Azura tidak menoleh. "Kalau kau tahu, kenapa kau bertanya?"
Altair meletakkan laporan di meja. "Karena aku masih percaya padamu. Tapi kalau kau mainkan kami, aku sendiri yang akan menghentikanmu."
"Kalau kau bisa," bisik Azura.
Kembali ke Pelita Raya, Rere dan Elara menemukan sesuatu dalam data gelombang energi Odo. Pola-pola yang sebelumnya dianggap acak kini membentuk semacam... simbol. Bukan simbol digital biasa—lebih seperti simbol... Organisasi.
"Ini bukan cuma pengaruh energi," ujar Elara pelan. "Ini lebih seperti… kepribadian."
Rere menatap layar dengan ekspresi tak percaya. "Kepribadian siapa?"
Elara menjawab, "Mungkin jiwa salah satu eksperimen yang seharusnya sudah mati."
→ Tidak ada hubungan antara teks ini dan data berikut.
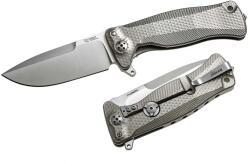lionSTEEL SR11 G / Kényelmes zsebkés merev titán kerettel és robusztus titán nyéllel - szürke (LION0168)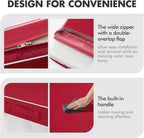 MIULEE Red Outdoor Seat Cushion 24x24 Inch Waterproof & 3 Year Fade Resistant - Image 7
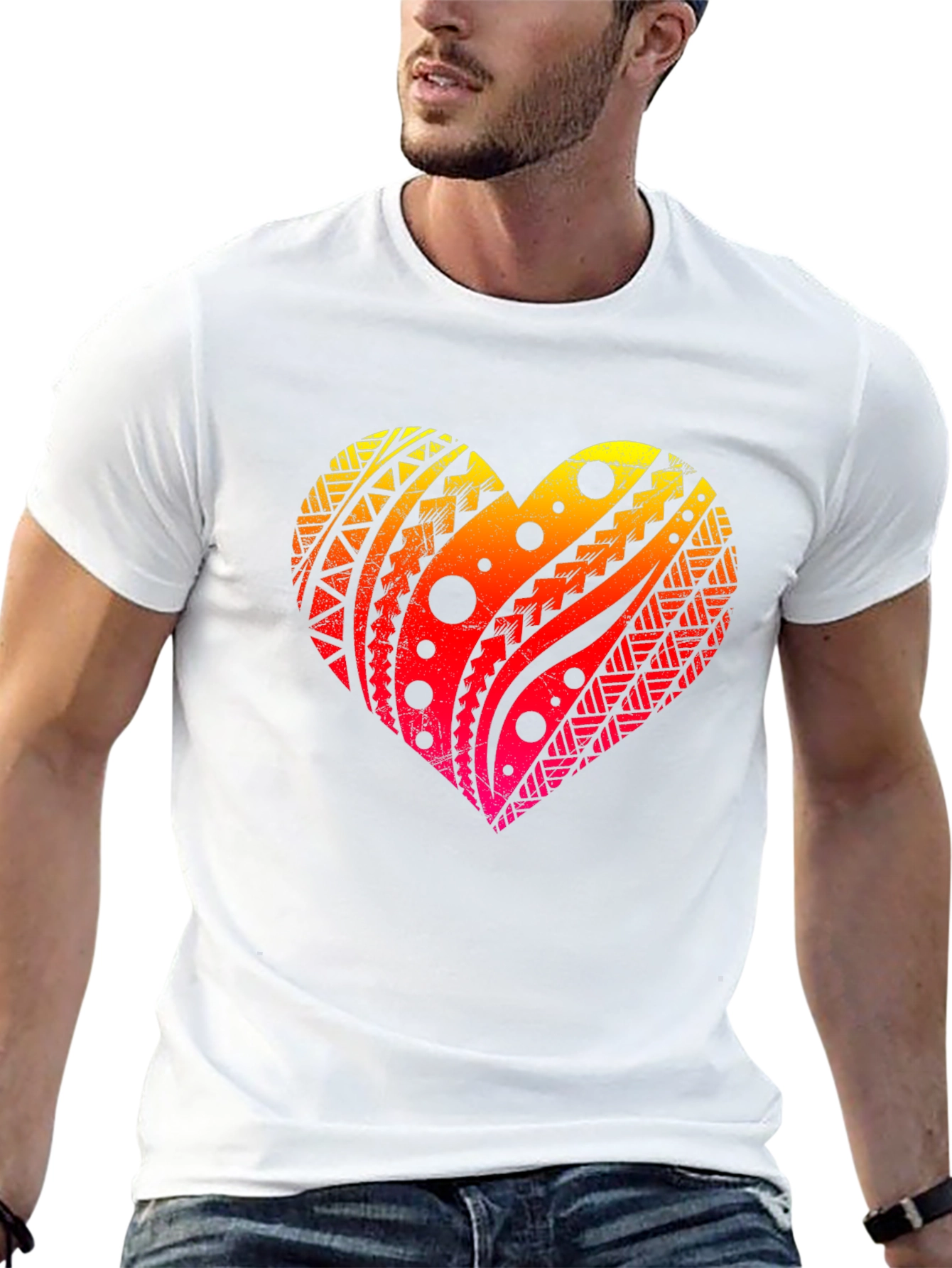 Tribal Heart Graphic Tee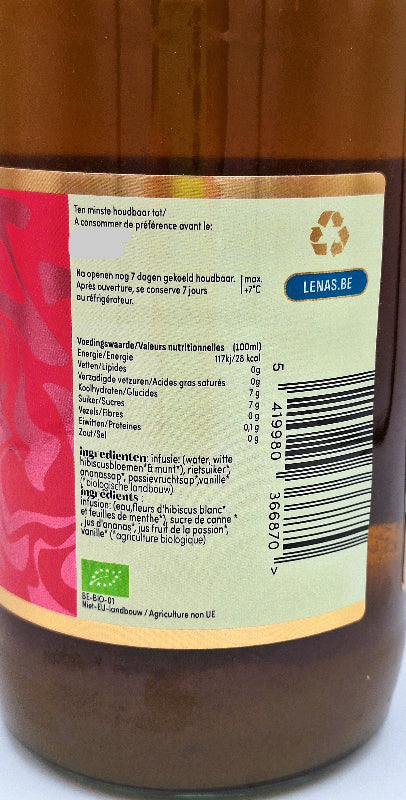 Hibiscussap wit 1l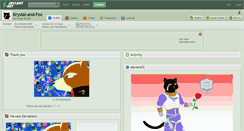 Desktop Screenshot of krystal-and-fox.deviantart.com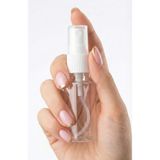 BORBEX 1 Adet Boş Şişe Beyaz Spreyli Kolonya Şişesi Doldurulabilir Cep Plastik Parfüm Şişesi 50 ml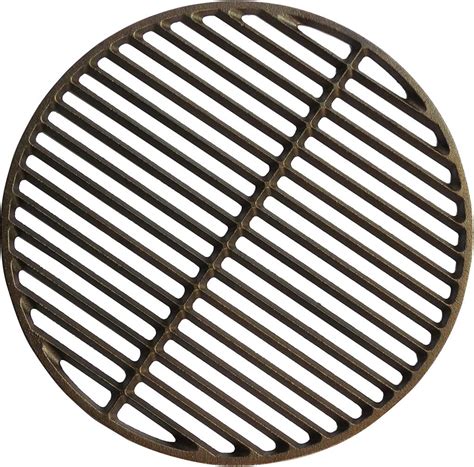 Cast Iron Dual Side Grid Cooking Grate 15″ Round Fit For Medium Eggs Kj Kamado And Other Stove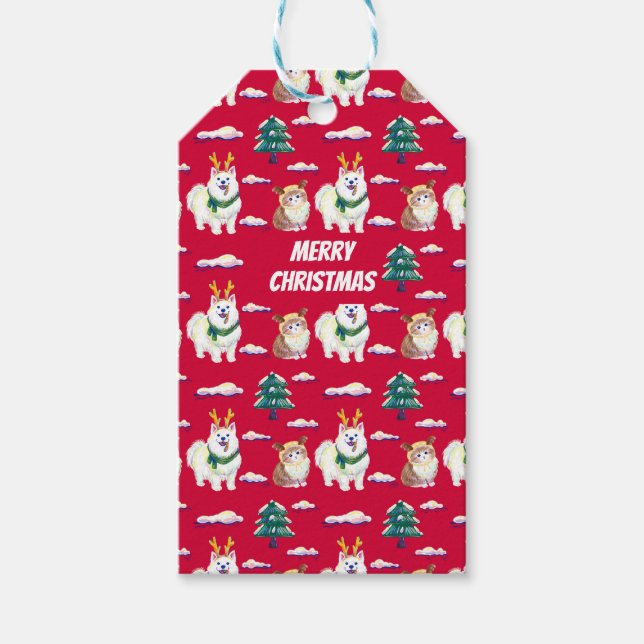 Xmas Friends Geschenkanhänger (Vorderseite)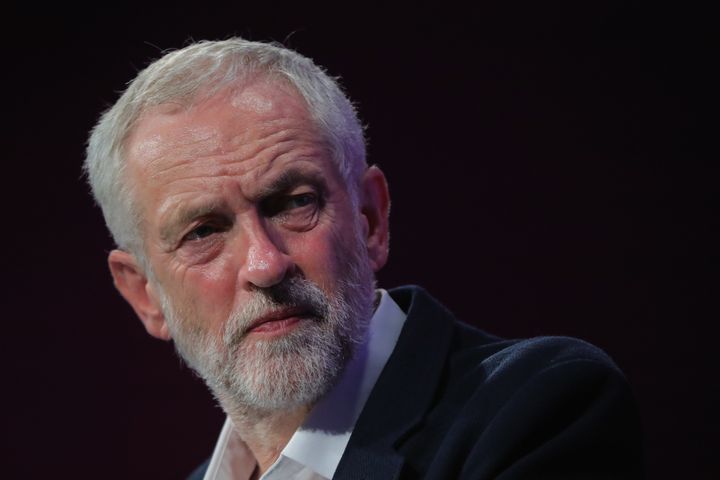 In a jam: Jeremy Corbyn has been accused lying about how full a train was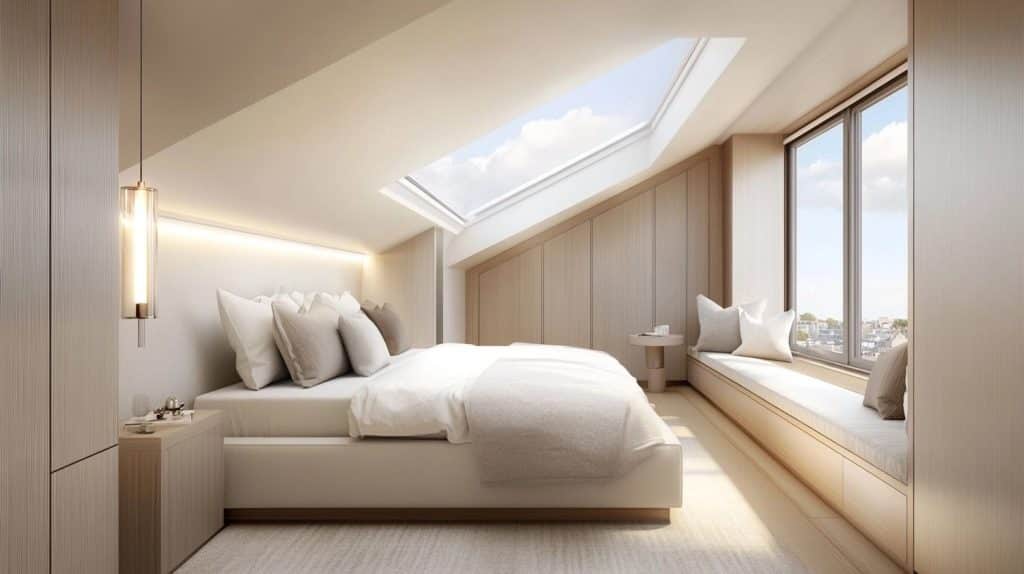 Attic with Skylights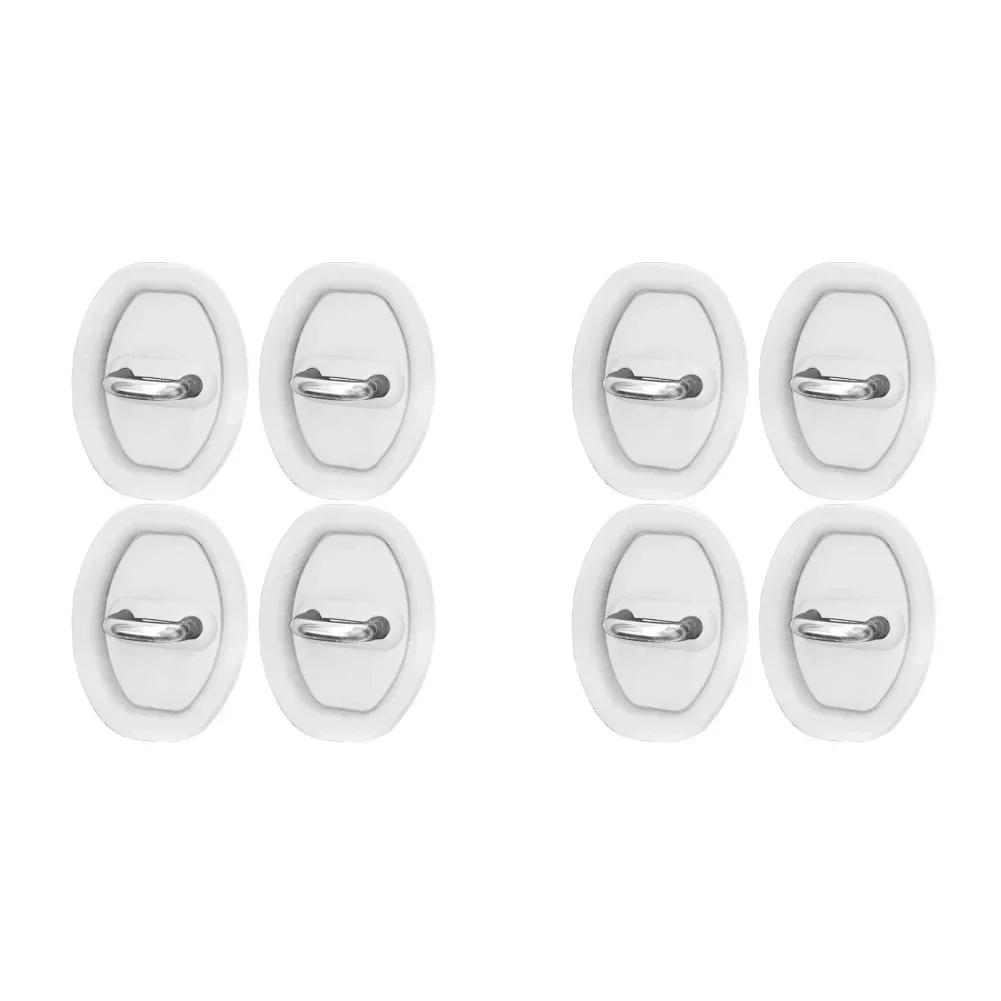 4/12pcs Car Door Lock Shock Absorber Cushion Crash Protection Cushion Seal Guard Plug Silicone Crash Protection Kit Accessories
Malam itu, Odo kembali bermimpi.
Ia berjalan dalam kegelapan. Langkah-langkahnya terasa ringan, hampir melayang. Di kejauhan, sosok berjubah duduk di atas takhta—bukan dari emas, tapi dari bayangan yang bergerak pelan.
"Akhirnya kau datang," kata sosok itu.
"Apa kau… dia?" tanya Odo.
"Aku adalah bagian dari dirimu yang paling murni—yang selalu kau tolak. Kau tidak dipilih, Odo. Kau diciptakan."
Odo menunduk. "Kenapa aku?"
"Karena kau sempurna untuk hancur."
Dan saat itu juga, Odo terbangun, nafasnya terengah, keringat dingin membasahi dahinya. Suara itu tak terdengar, tapi bayangannya membekas. Ia tahu—ia sedang dikejar waktu.
Entah untuk mengalahkan suara itu… atau tenggelam bersamanya.